Hear Old Crow Medicine Show’s Rollicking Bob Wills Tribute

On March 3rd, Asleep at the Wheel will release their third tribute to Bob Wills, the revered “King of Western Swing.” But they aren’t going it alone: The big band and its leader Ray Benson recruited a crop of guest stars, from veterans Willie Nelson and George Strait to contemporary Americana acts the Avett Brothers and Old Crow Medicine Show to cover Wills classics. Today, Rolling Stone Country premieres Old Crow’s contribution to Still the King: Celebrating the Music of Bob Wills and His Texas Playboys, the rollicking “Tiger Rag.”
“It’s a helluva cut,” says Benson, seated on his bus last night in Nashville, where the Austin-based Wheel was performing. “Every 10 years there is a group of youngsters who are exactly what I was when I was young and saying, ‘What kind of music do I want to play?’ I wanted to play roots music.”
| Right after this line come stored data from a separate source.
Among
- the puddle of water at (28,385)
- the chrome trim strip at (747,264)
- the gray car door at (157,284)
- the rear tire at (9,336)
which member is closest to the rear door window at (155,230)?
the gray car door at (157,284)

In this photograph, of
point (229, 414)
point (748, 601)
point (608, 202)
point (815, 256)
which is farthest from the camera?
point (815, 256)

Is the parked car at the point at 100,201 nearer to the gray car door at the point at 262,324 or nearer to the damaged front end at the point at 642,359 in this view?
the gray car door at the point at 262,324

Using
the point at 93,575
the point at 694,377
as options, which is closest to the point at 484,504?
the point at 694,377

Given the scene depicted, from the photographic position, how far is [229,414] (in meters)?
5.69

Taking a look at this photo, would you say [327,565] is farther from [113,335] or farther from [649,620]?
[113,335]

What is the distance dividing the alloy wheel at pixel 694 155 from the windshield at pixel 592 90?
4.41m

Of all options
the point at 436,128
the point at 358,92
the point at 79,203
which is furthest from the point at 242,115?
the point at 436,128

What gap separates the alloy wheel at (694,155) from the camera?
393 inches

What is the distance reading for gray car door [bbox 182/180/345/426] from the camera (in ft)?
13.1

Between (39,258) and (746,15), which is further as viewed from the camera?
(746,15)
Benson approached Old Crow Medicine Show after a performance in Austin and eventually asked them to participate in Still the King, co-produced by Benson’s son, Sam Seifert. Old Crow’s Ketch Secor suggested the little-known “Tiger Rag,” from Wills’ time with the Light Crust Dough Boys band. “Ketch is a musicologist,” says Benson, “and he figured it out and we played it with them. They tore it up. It sounds like 1938.”
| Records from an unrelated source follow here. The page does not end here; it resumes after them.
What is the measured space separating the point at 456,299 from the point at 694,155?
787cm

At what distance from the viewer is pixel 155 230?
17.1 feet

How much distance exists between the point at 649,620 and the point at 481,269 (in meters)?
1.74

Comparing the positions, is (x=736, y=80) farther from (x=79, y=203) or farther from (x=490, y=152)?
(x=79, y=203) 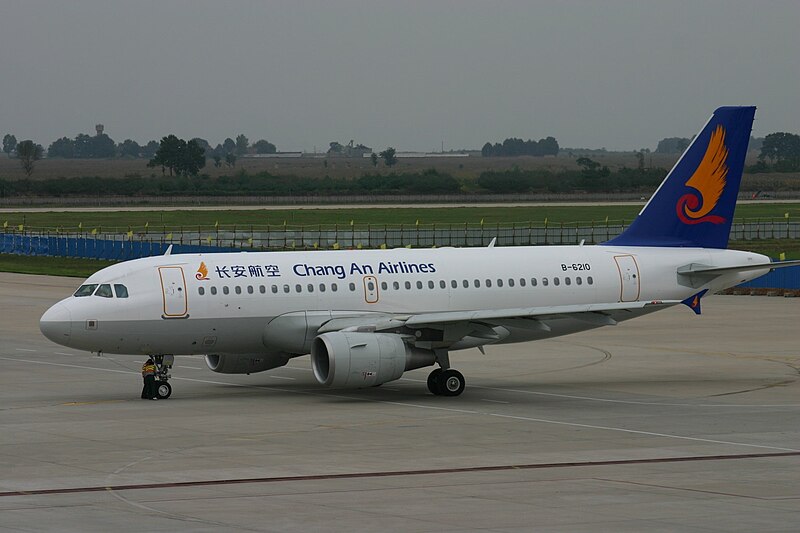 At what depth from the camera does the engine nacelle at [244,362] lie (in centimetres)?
3866

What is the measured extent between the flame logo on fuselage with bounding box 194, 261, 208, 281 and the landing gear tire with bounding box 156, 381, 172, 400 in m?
3.01

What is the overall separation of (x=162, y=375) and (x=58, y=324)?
324 centimetres

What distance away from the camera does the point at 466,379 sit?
4153 cm

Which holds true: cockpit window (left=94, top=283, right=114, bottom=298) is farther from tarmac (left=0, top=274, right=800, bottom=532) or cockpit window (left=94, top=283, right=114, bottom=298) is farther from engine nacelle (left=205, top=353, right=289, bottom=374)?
engine nacelle (left=205, top=353, right=289, bottom=374)

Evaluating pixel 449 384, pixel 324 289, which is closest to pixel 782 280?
pixel 449 384

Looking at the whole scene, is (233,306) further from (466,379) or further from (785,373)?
(785,373)

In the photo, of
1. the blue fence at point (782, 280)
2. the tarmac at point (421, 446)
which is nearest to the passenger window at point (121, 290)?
the tarmac at point (421, 446)

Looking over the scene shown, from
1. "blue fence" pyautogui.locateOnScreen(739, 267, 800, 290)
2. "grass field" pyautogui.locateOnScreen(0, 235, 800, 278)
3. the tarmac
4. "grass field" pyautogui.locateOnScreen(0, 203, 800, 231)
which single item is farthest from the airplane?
"grass field" pyautogui.locateOnScreen(0, 203, 800, 231)

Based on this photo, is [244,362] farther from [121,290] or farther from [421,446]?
[421,446]

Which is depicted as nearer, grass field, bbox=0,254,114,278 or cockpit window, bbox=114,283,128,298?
cockpit window, bbox=114,283,128,298

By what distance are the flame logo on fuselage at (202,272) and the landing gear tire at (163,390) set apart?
3.01 meters

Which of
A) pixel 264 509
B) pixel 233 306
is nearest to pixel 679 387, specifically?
pixel 233 306

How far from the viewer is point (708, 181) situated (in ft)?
139

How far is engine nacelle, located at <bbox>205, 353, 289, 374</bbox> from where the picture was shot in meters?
38.7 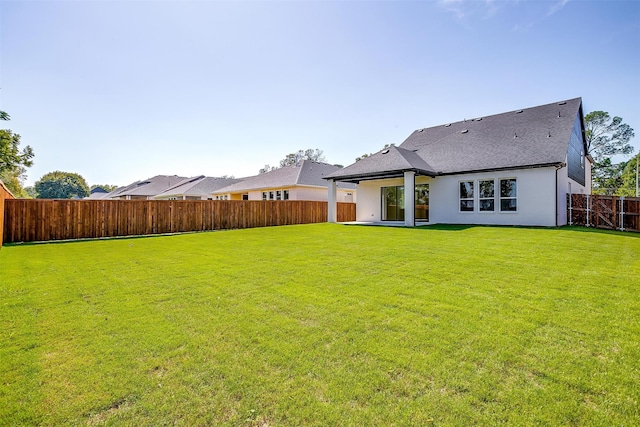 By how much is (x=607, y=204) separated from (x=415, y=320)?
15456 mm

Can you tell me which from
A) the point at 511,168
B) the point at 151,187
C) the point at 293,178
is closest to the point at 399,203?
the point at 511,168

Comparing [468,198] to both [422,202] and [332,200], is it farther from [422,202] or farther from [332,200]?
[332,200]

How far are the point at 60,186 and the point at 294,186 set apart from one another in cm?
7494

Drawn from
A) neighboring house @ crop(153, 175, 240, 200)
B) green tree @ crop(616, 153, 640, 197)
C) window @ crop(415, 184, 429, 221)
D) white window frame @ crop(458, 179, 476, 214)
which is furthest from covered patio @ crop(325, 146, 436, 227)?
green tree @ crop(616, 153, 640, 197)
Secor reveals those musicologist roots in describing the song and Wills’ place in music history.
“What made Bob Wills the ‘King of Western Swing’ was his pioneering fusion of the driving rhythm of jazz and a wild, melodious, and highly original strain of country fiddling,” he says. “Mixed together and shook up, this new, purely American genre rocked the dance halls on the far side of the Mississippi just as fiercely as rhythm and blues did the juke joints over on the other bank.”
The inclusion of such hip Wills acolytes as Old Crow Medicine Show, the Avetts, Pokey LaFarge and Amos Lee is in line with Wills’ own thoughts on the preservation of swing music.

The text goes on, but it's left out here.